Haydn and Mozart Camerata’s perfect fellow-churchgoers at Wellington’s St.Peter’s-0n-Willis

Camerata presents: HAYDN IN THE CHURCH 2023

Josef HAYDN – Symphony No. 17 in F Major Hob.1.17
Wolfgang MOZART – Sinfonia Concertante in E-flat K.364

Anne Loeser (violin) / Victoria Jaenecke (viola)
Camerata Ensemble

St.Peter’s Church-on-Willis, Wellington

Friday, October 20th, 2023

Sometimes one goes to a concert which by dint of the music and the playing seems  not a moment too short or too long – this evening, with merely two works on the programme (one of which took  less than two thirds of the time of the other), it felt as though we were transported from one to the other by a kind of osmosis, as there was no “proper” interval between the two, merely what felt like a “luftpause” to allow the slightly different arrangement of the two works to be set up.

The programme opened with a Haydn symphony (No.17 in F Major), part of a series that has been a feature of the ensemble’s presentations of late.
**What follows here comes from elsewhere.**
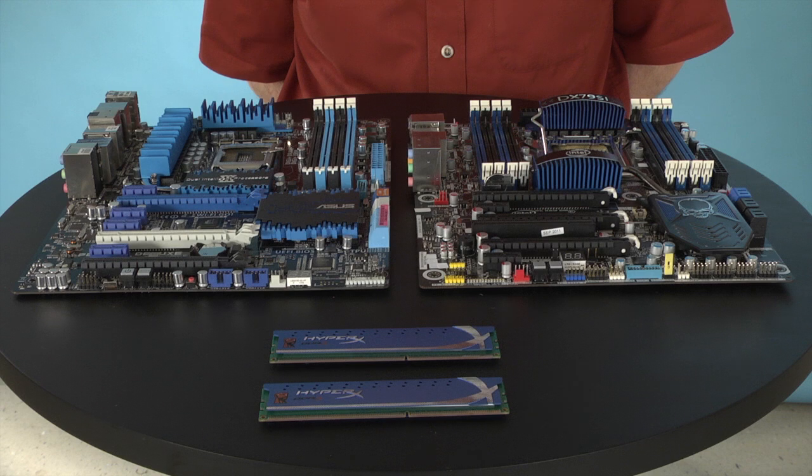Hi, I'm Matthew Murray, Lead Analyst of Components and DIY with PCMag.com, here to show you how to install memory in your desktop computer's motherboard.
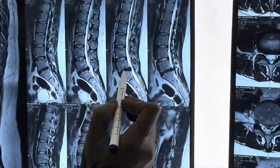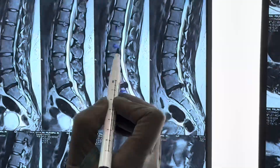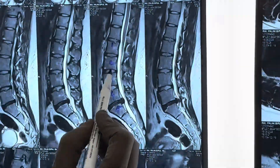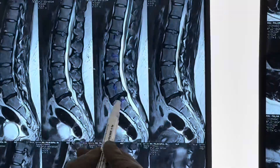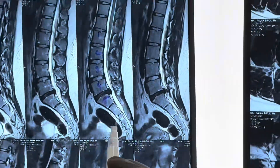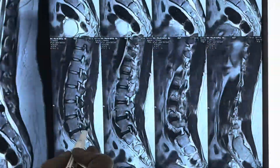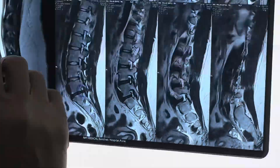Here you can see this is L5, L4, L3, L2 and L1. At higher levels the disc is very well hydrated, but here at L4-5 the disc has become totally black. This is the left parasagittal cut wherein we can see that the nerve is getting completely entrapped.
This was an early work of the composer’s , and not unlike some kind of extended three-part operatic overture in effect – certainly a grand and varied beginning to one’s listening for the evening.
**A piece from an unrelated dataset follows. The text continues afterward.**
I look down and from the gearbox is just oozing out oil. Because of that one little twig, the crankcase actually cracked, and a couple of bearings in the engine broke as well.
Straightaway I was transported by the openness of the sound during the work’s first few bars, with the horn timbres taking the music al fresco, and the joyfulness of the dancing rhythms doing the rest  As in some of the earlier Mozart symphonies, the winds also frequently coloured the texture with long but supple lines –  so although the strings had the bulk of the melodic material, the winds  (including the horns) frequently “coloured’ the ambiences, which in this symphony were lively and not a little exploratory, developing both the theme’s upward-rushing muscularity and making use of numerous “offshoots” of impulse in unexpected ways.

The slow movement was graciousness itself at the beginning, its sequences seeming to weave an endless continuation of variants of the opening – I became lost in its enchantment and its apparent inexhaustibility – no contrivance or striving for effect, but simply creativity being given quiet but purposeful energy. As with the previous two movements, the finale finds ways of making the expected unexpected – the triple-time Allegro turns, twists, runs and jumps, and generally led our ears a merry dance! Again, the horns open up the spaces suggested by the music’s energies, and the winds’ rustic colourings delight the sensibilities. Despite the movement’s brevity, Haydn’s seemingly boundless invention seemed to once more carry our interest along with the sounds’ continued delight in discovery.

Nothing could have better prepared us for the delights that were to follow, with Camerata leader Anne Loeser and violist Victoria Jaenecke entering to play for us Mozart’s adorable K.364, the Sinfonia Concertante in E-flat for violin and viola. From the beginning the sound was lovely, with especially telling dynamic variation from winds and horns and lower strings – the violins themselves seemed a trifle overwhelmed by their colleagues’ characterful strains at first, though the wonderful “Mannheim crescendo” that Mozart gives us in this first tutti here really made an exciting impact. Both soloists with their first notes were silver-toned and ethereal, each more so than I expected they would be, even though their passage-work was exemplary. Anne Loeser led the way into the beautiful minor-key development, each soloist making the most of the music’s pathos, and supported by the orchestra players so well. And their teamwork during the cadenza was exemplary, playing into each others’ music with real aplomb, though both gave me a start by plunging back into the allegro more quickly with their concluding trills than those on my favourite recording (the Oistrakhs pere and fils).

I couldn’t imagine the slow movement being better done than here, with each of the soloists seeming to “play out” more than in the first movement, while integrating their tones clearly and sensitively in the exchanges, the cadenza passage a highlight of the performance with its heart-stopping sense of time almost standing still. And the finale reinforced this “playing as one” kind of Elysium-like culmination of energies and purposes throughout the work – we all  enjoyed the  tidal ebbing and flowing between violin and viola, and also soloists and orchestra, as the work arched upwards towards its culmination in a final grand accord.